### EXERCISE PROMPT
Output the data once more, exactly as given.

### STUDY MATERIAL
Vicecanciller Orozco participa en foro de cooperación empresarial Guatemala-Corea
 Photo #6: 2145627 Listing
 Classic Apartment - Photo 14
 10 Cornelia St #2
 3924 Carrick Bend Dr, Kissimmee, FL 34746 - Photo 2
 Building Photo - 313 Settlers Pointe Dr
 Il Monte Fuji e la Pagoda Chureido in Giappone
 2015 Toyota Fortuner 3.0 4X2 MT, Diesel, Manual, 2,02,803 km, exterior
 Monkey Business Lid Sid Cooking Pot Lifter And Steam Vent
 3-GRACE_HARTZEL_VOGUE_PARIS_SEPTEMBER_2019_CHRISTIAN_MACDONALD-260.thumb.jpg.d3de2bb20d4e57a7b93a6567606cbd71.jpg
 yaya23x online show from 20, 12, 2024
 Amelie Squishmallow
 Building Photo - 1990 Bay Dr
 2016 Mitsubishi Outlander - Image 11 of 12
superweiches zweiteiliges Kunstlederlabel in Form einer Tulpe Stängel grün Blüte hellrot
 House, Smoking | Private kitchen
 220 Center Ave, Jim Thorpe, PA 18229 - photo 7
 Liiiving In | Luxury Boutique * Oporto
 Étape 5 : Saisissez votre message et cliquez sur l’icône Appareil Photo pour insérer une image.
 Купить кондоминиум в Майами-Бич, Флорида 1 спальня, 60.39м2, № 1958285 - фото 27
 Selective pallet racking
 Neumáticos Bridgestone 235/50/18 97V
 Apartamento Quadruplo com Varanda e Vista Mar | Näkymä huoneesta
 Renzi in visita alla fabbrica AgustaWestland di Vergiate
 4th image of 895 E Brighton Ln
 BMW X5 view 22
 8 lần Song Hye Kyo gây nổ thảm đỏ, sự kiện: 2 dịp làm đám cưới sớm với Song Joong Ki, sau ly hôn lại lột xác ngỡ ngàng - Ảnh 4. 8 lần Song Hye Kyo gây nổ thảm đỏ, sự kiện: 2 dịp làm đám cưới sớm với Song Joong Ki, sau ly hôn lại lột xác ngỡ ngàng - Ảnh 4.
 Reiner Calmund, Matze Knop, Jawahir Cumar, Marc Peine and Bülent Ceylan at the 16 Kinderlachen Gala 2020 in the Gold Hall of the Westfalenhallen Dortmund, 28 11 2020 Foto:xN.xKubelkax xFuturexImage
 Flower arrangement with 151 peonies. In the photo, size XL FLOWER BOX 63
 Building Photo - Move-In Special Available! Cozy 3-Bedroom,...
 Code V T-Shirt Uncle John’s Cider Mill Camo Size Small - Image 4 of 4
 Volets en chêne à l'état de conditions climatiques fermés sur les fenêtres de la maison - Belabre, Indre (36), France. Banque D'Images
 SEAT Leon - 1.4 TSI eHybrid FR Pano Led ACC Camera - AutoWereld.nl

### SOLUTION TO THIS EXERCISE
Vicecanciller Orozco participa en foro de cooperación empresarial Guatemala-Corea
 Photo #6: 2145627 Listing
 Classic Apartment - Photo 14
 10 Cornelia St #2
 3924 Carrick Bend Dr, Kissimmee, FL 34746 - Photo 2
 Building Photo - 313 Settlers Pointe Dr
 Il Monte Fuji e la Pagoda Chureido in Giappone
 2015 Toyota Fortuner 3.0 4X2 MT, Diesel, Manual, 2,02,803 km, exterior
 Monkey Business Lid Sid Cooking Pot Lifter And Steam Vent
 3-GRACE_HARTZEL_VOGUE_PARIS_SEPTEMBER_2019_CHRISTIAN_MACDONALD-260.thumb.jpg.d3de2bb20d4e57a7b93a6567606cbd71.jpg
 yaya23x online show from 20, 12, 2024
 Amelie Squishmallow
 Building Photo - 1990 Bay Dr
 2016 Mitsubishi Outlander - Image 11 of 12
superweiches zweiteiliges Kunstlederlabel in Form einer Tulpe Stängel grün Blüte hellrot
 House, Smoking | Private kitchen
 220 Center Ave, Jim Thorpe, PA 18229 - photo 7
 Liiiving In | Luxury Boutique * Oporto
 Étape 5 : Saisissez votre message et cliquez sur l’icône Appareil Photo pour insérer une image.
 Купить кондоминиум в Майами-Бич, Флорида 1 спальня, 60.39м2, № 1958285 - фото 27
 Selective pallet racking
 Neumáticos Bridgestone 235/50/18 97V
 Apartamento Quadruplo com Varanda e Vista Mar | Näkymä huoneesta
 Renzi in visita alla fabbrica AgustaWestland di Vergiate
 4th image of 895 E Brighton Ln
 BMW X5 view 22
 8 lần Song Hye Kyo gây nổ thảm đỏ, sự kiện: 2 dịp làm đám cưới sớm với Song Joong Ki, sau ly hôn lại lột xác ngỡ ngàng - Ảnh 4. 8 lần Song Hye Kyo gây nổ thảm đỏ, sự kiện: 2 dịp làm đám cưới sớm với Song Joong Ki, sau ly hôn lại lột xác ngỡ ngàng - Ảnh 4.
 Reiner Calmund, Matze Knop, Jawahir Cumar, Marc Peine and Bülent Ceylan at the 16 Kinderlachen Gala 2020 in the Gold Hall of the Westfalenhallen Dortmund, 28 11 2020 Foto:xN.xKubelkax xFuturexImage
 Flower arrangement with 151 peonies. In the photo, size XL FLOWER BOX 63
 Building Photo - Move-In Special Available! Cozy 3-Bedroom,...
 Code V T-Shirt Uncle John’s Cider Mill Camo Size Small - Image 4 of 4
 Volets en chêne à l'état de conditions climatiques fermés sur les fenêtres de la maison - Belabre, Indre (36), France. Banque D'Images
 SEAT Leon - 1.4 TSI eHybrid FR Pano Led ACC Camera - AutoWereld.nl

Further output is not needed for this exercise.